Con una sonrisa encantadora, Alex la abrazó, le dio un cariñoso y dulce beso en los labios y dijo:
—Pues le enseñaré a montarla y se la regalaré. Aunque en mi familia ninguna mujer manejó motos.
—Uf… pues no saben lo que se pierden. La sensación que sientes cuando el aire te da en la cara es maravillosa, y cuando coges una buena curva…
—¿Sabes manejar motos? —preguntó Alex divertido. Ella asintió.
—Tuve hace unos ocho años una Honda Rebel 250. Pero una noche la dejé aparcada al lado de mi portal, y cuando salí por la mañana, me la habían levantado.
—¿El qué? —preguntó sin entenderla.
—Pues que me la habían robado. Joder… cada vez que recuerdo la sensación que me entró por el cuerpo cuando bajé y no la encontré… Te juro que si llego a pillarles con las manos en la masa, se las corto.
—Mujer… no sería para tanto —sonrió, pero ella le cortó.
—Sí, Alex, sí… era para tanto. ¿Y sabes por qué? —Él negó con la cabeza—. Pues porque estuve pagando el crédito de esa moto dos años sin tenerla, y eso joroba muchísimo.
—Eres una auténtica cajita de sorpresas, inspectora. Me gusta.
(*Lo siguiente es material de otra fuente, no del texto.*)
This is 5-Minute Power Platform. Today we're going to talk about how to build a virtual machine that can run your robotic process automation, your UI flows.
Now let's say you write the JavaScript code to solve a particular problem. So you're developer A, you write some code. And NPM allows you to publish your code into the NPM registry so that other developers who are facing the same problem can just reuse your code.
—¡Vaya! Qué bien. Pues prepárate, chato, que este fin de semana seguro que descubres alguna más… —mientras salían del garaje sonrió al pensar en Luna.
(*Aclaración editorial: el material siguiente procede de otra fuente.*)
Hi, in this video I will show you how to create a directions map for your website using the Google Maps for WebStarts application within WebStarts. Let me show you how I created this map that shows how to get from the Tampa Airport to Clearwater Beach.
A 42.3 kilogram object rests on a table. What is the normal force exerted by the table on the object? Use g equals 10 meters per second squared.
El sábado por la mañana, cuando Olga despertó entre los brazos de Alex, sonrió. La noche anterior había sido una noche perfecta. Sexo, dulzura y pasión, ¿qué más se podía pedir? Con cuidado apoyó la cabeza sobre la almohada y le observó.
Alex tenía todo lo que cualquier mujer podría desear. Guapo, rico, galante y encantador. Deseaba tocar su pelo oscuro y revuelto, rozar sus mejillas, besar sus labios carnosos, pero dormía de tal forma que prefirió no tocarle para no despertarle. La noche anterior le contó que la semana había sido agotadora en el hospital. Por eso le dejó dormir.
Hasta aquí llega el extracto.